### THE TASK
Return every line of the records, exact and in full, until you have returned the line with "Here's how this", and include none of the pictures.
++++++
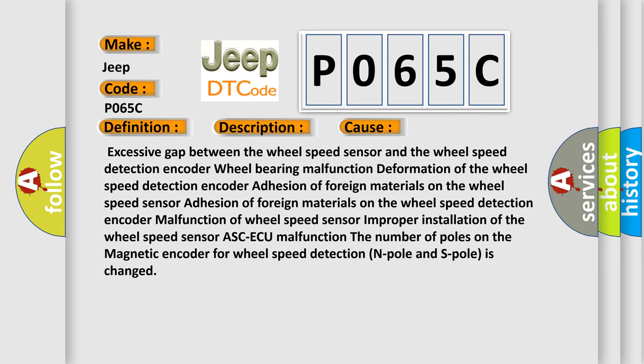Adhesion of foreign materials on the wheel speed detection encoder, malfunction of wheel speed sensor, improper installation of the wheel speed sensor, ASC-AQ malfunction. The number of poles on the magnetic encoder for wheel speed detection N-pole and S-pole is changed.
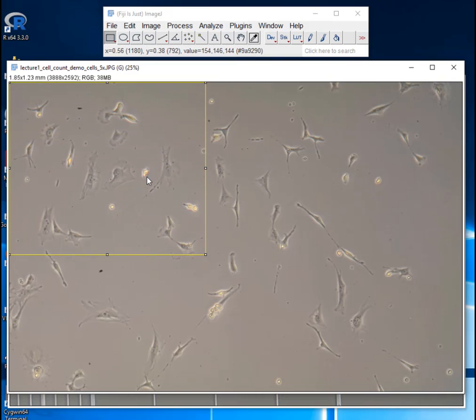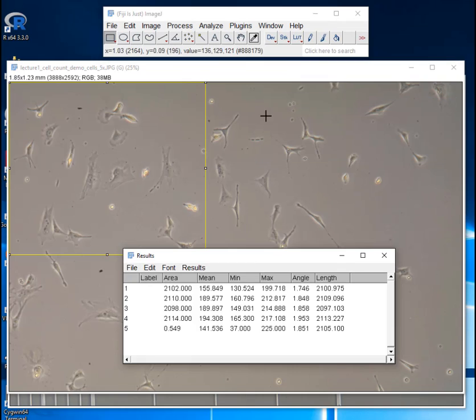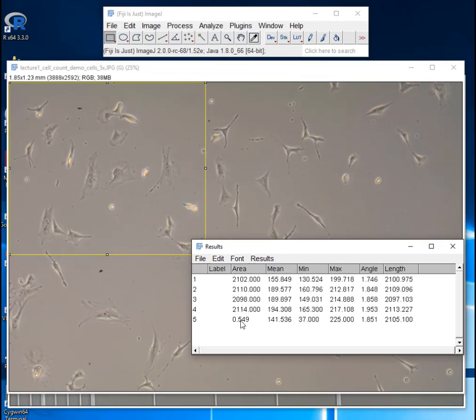And then I can measure the size of that rectangle by pressing Ctrl-M. If I bring up my results window again. Okay, it's this last one. And so you can see the area of that rectangle is 0.549 millimeters squared.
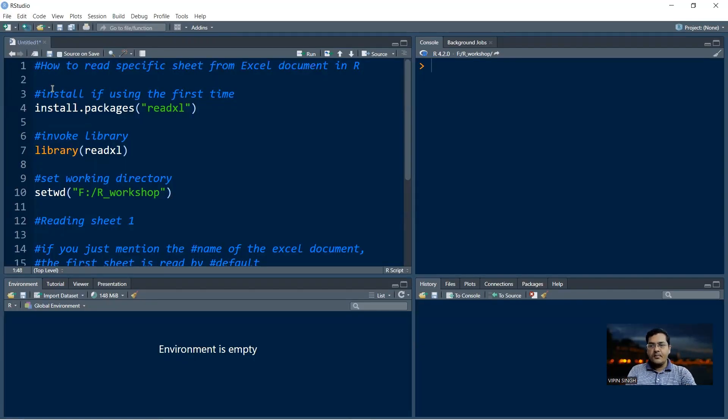A very good morning to you all. Welcome back to Dr. Wippen's classroom. Today we discuss how to read a specific sheet in an Excel document.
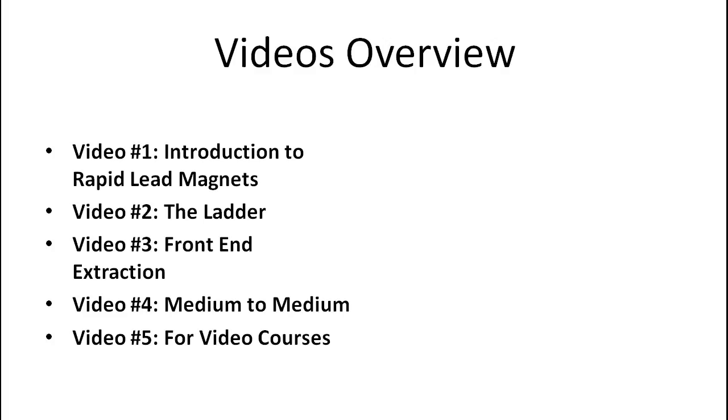And then video number two is called The Ladder, which is exactly the blueprint. And number three, we're going to talk about front end extraction, which is the method behind all of this.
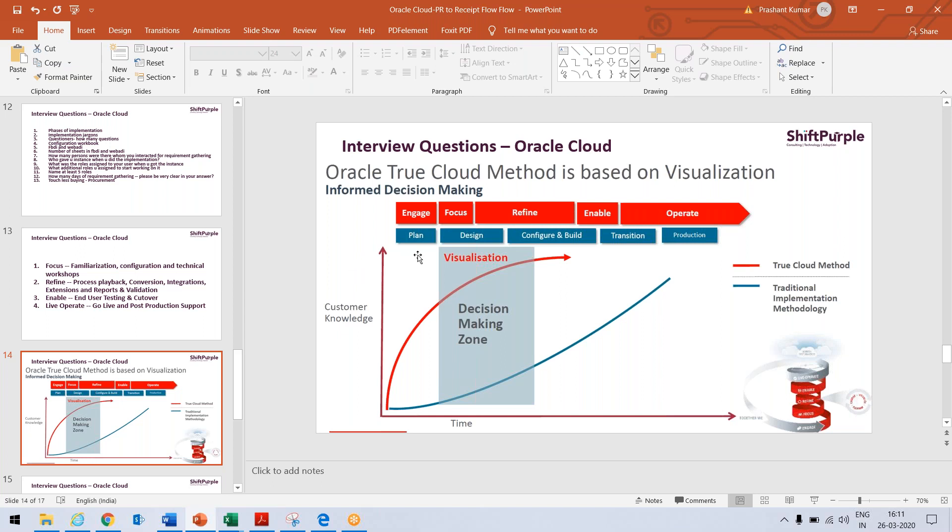Earlier we were having plan, design, configure, build, and transition phase. But nowadays it's a true cloud methodology. So engage, focus, refine, enable, and operate.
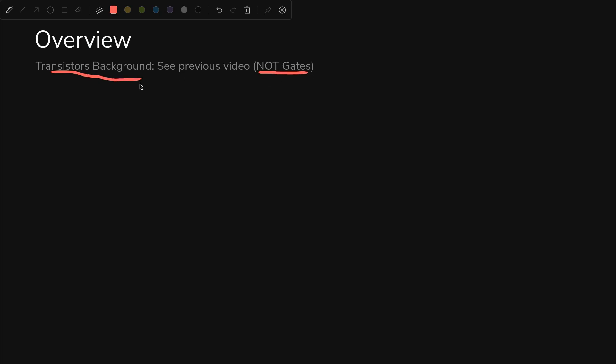Here's how this is going to go down. If you need a background, I did a deep dive on my NOT gates video, so you can go back and reference that for transistors, Ohm's law, all that stuff.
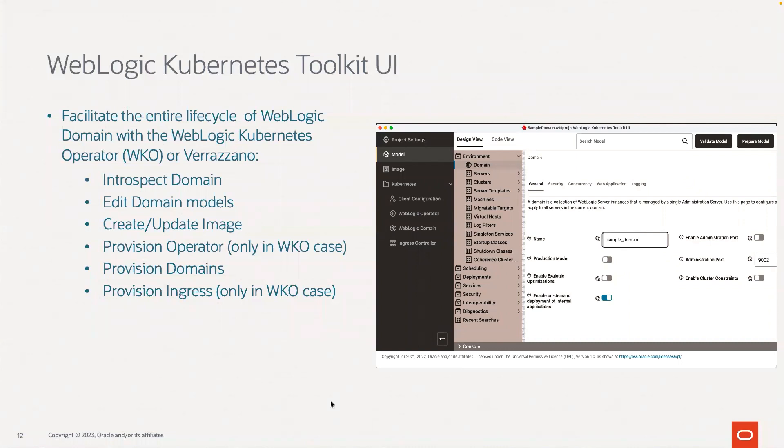Hello. Today I want to demonstrate the capabilities of the WebLogic Kubernetes Toolkit UI. The UI is a user interface that facilitates the entire life cycle of the WebLogic domain with a WebLogic Kubernetes operator or with Verizano.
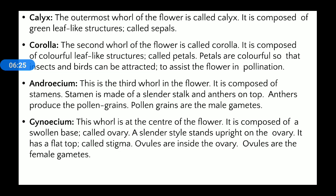Corolla is inner to the sepals and is the second leaf-like structure of the flower. It is composed of colorful leaf-like structures called petals. Petals are colorful so that insects and birds can be attracted. For example, a rose flower contains red leaf-like structures — those red structures are the corolla, or petals. Petals are generally bright-colored and help to attract insects and birds.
++++++
### TASK ANSWER
Adhesion of foreign materials on the wheel speed detection encoder, malfunction of wheel speed sensor, improper installation of the wheel speed sensor, ASC-AQ malfunction. The number of poles on the magnetic encoder for wheel speed detection N-pole and S-pole is changed.
And then I can measure the size of that rectangle by pressing Ctrl-M. If I bring up my results window again. Okay, it's this last one. And so you can see the area of that rectangle is 0.549 millimeters squared.
A very good morning to you all. Welcome back to Dr. Wippen's classroom. Today we discuss how to read a specific sheet in an Excel document.
And then video number two is called The Ladder, which is exactly the blueprint. And number three, we're going to talk about front end extraction, which is the method behind all of this.
Earlier we were having plan, design, configure, build, and transition phase. But nowadays it's a true cloud methodology. So engage, focus, refine, enable, and operate.
Here's how this is going to go down. If you need a background, I did a deep dive on my NOT gates video, so you can go back and reference that for transistors, Ohm's law, all that stuff.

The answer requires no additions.